> [Records]

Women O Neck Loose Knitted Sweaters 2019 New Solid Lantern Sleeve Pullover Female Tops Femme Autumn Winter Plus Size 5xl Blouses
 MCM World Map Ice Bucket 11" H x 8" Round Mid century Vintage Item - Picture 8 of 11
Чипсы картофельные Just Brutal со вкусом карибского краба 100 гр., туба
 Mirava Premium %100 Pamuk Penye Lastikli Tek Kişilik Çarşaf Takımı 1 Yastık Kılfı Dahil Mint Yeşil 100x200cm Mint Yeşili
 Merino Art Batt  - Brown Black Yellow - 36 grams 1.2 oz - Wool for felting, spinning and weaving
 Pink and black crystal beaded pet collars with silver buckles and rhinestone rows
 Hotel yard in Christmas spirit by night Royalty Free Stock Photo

> [What you will do] Copy the lines above exactly, leaving every word as it is.

> [Response]
Women O Neck Loose Knitted Sweaters 2019 New Solid Lantern Sleeve Pullover Female Tops Femme Autumn Winter Plus Size 5xl Blouses
 MCM World Map Ice Bucket 11" H x 8" Round Mid century Vintage Item - Picture 8 of 11
Чипсы картофельные Just Brutal со вкусом карибского краба 100 гр., туба
 Mirava Premium %100 Pamuk Penye Lastikli Tek Kişilik Çarşaf Takımı 1 Yastık Kılfı Dahil Mint Yeşil 100x200cm Mint Yeşili
 Merino Art Batt  - Brown Black Yellow - 36 grams 1.2 oz - Wool for felting, spinning and weaving
 Pink and black crystal beaded pet collars with silver buckles and rhinestone rows
 Hotel yard in Christmas spirit by night Royalty Free Stock Photo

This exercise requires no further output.